--- INFORMATION GIVEN Enclosed Below ---
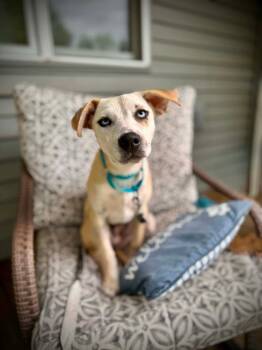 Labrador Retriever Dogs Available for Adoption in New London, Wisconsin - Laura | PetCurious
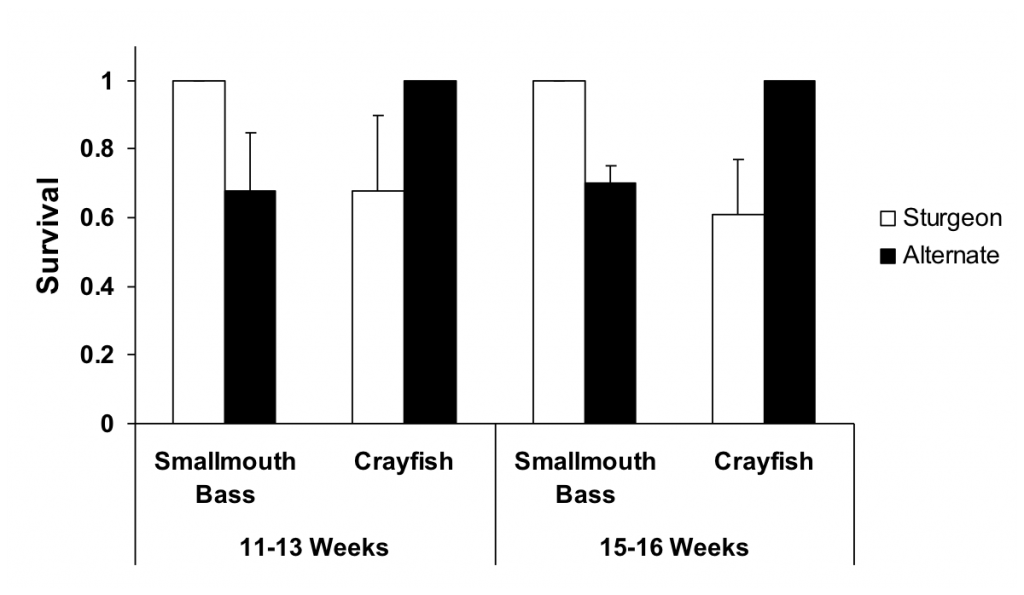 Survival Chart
--- End of Enclosed INFORMATION GIVEN ---
--- INFORMATION GIVEN Enclosed Below ---
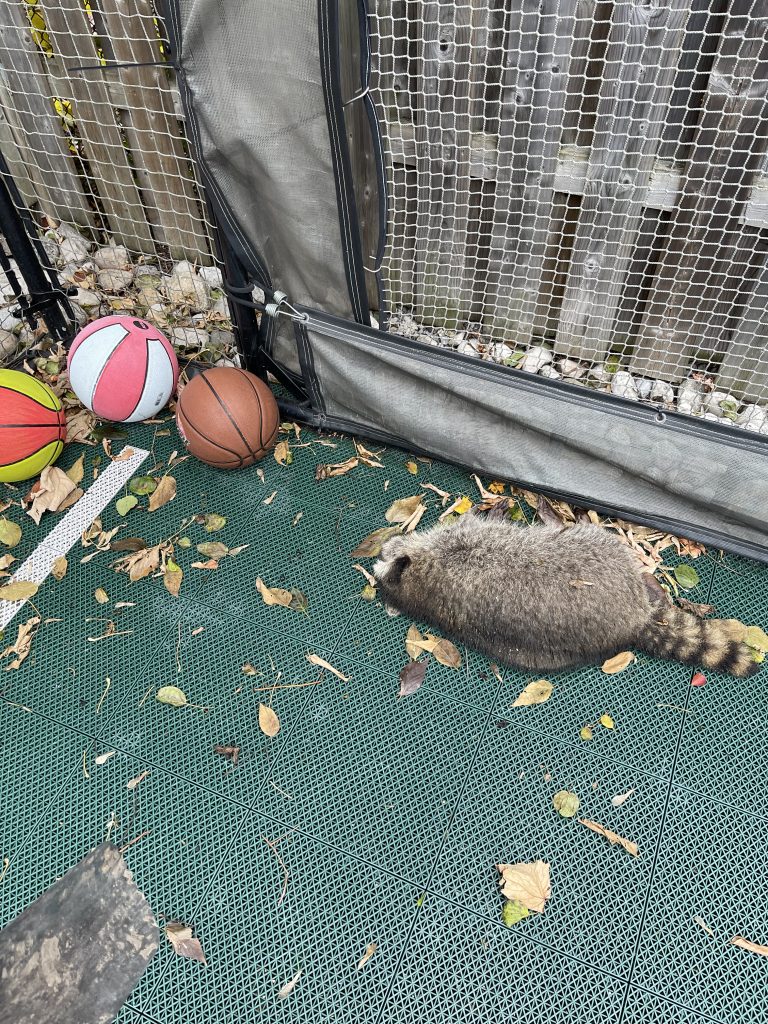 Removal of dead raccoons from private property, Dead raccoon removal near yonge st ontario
--- End of Enclosed INFORMATION GIVEN ---
--- INFORMATION GIVEN Enclosed Below ---
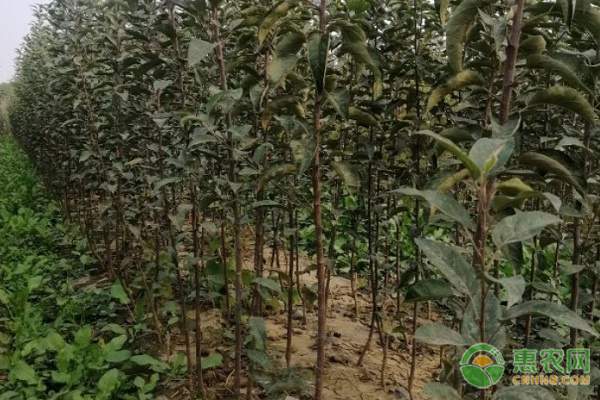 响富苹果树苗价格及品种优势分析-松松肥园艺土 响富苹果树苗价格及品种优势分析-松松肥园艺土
--- End of Enclosed INFORMATION GIVEN ---
## AIM OF THE TASK
Reproduce the data above exactly, but only the lines from the one showing "Labrador Retriever Dogs" through the one showing "Survival Chart", with both ends kept and the pictures left out.

## THE COMPLETED TASK
 Labrador Retriever Dogs Available for Adoption in New London, Wisconsin - Laura | PetCurious
 Survival Chart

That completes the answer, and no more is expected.